TASK DIRECTIONS -> For this exercise, restate every line below word for word and drop the images.

MATERIAL PROVIDED ->
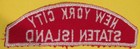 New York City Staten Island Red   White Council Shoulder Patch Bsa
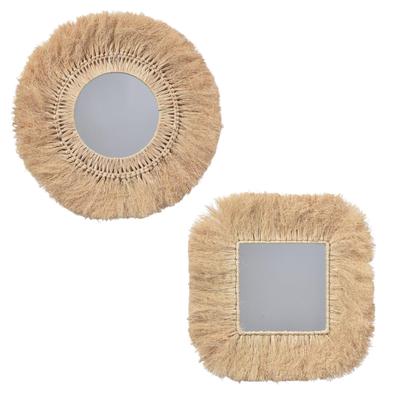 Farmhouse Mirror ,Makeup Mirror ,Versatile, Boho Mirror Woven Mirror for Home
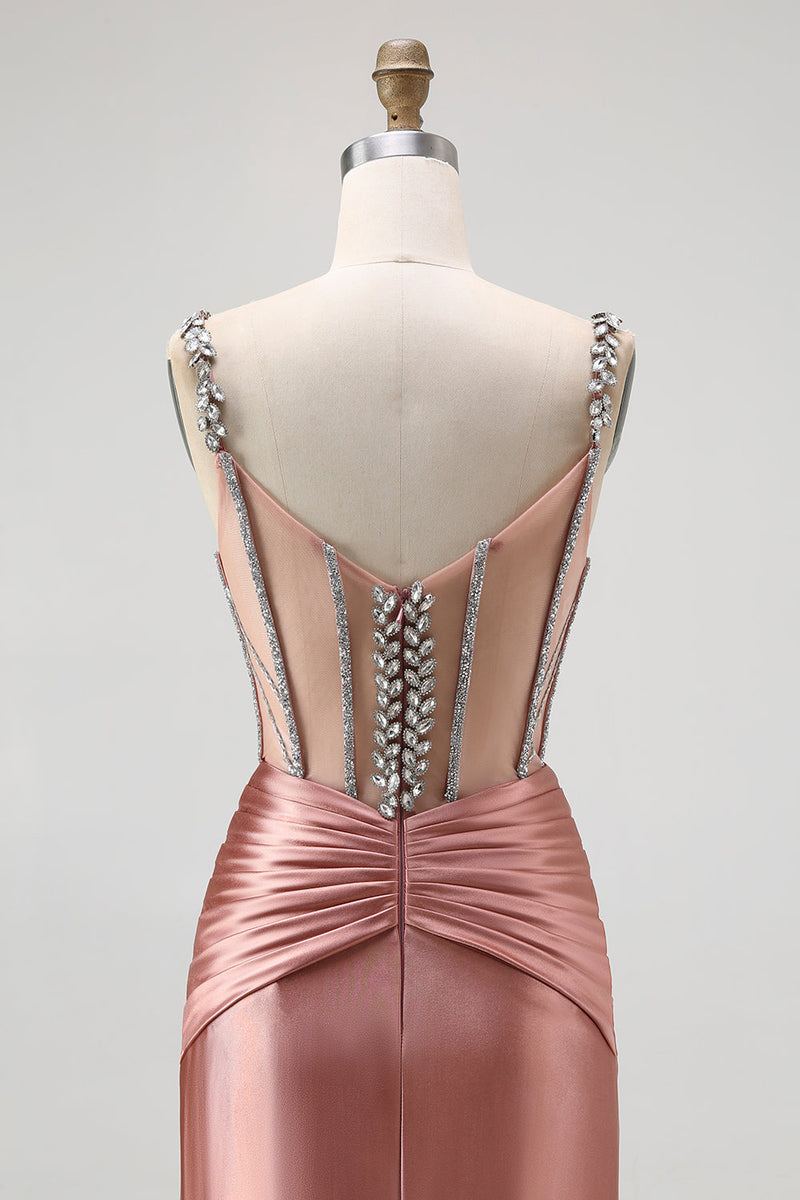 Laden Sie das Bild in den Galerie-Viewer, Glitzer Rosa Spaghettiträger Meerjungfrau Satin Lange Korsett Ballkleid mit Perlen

TASK ANSWER ->
 New York City Staten Island Red   White Council Shoulder Patch Bsa
 Farmhouse Mirror ,Makeup Mirror ,Versatile, Boho Mirror Woven Mirror for Home
 Laden Sie das Bild in den Galerie-Viewer, Glitzer Rosa Spaghettiträger Meerjungfrau Satin Lange Korsett Ballkleid mit Perlen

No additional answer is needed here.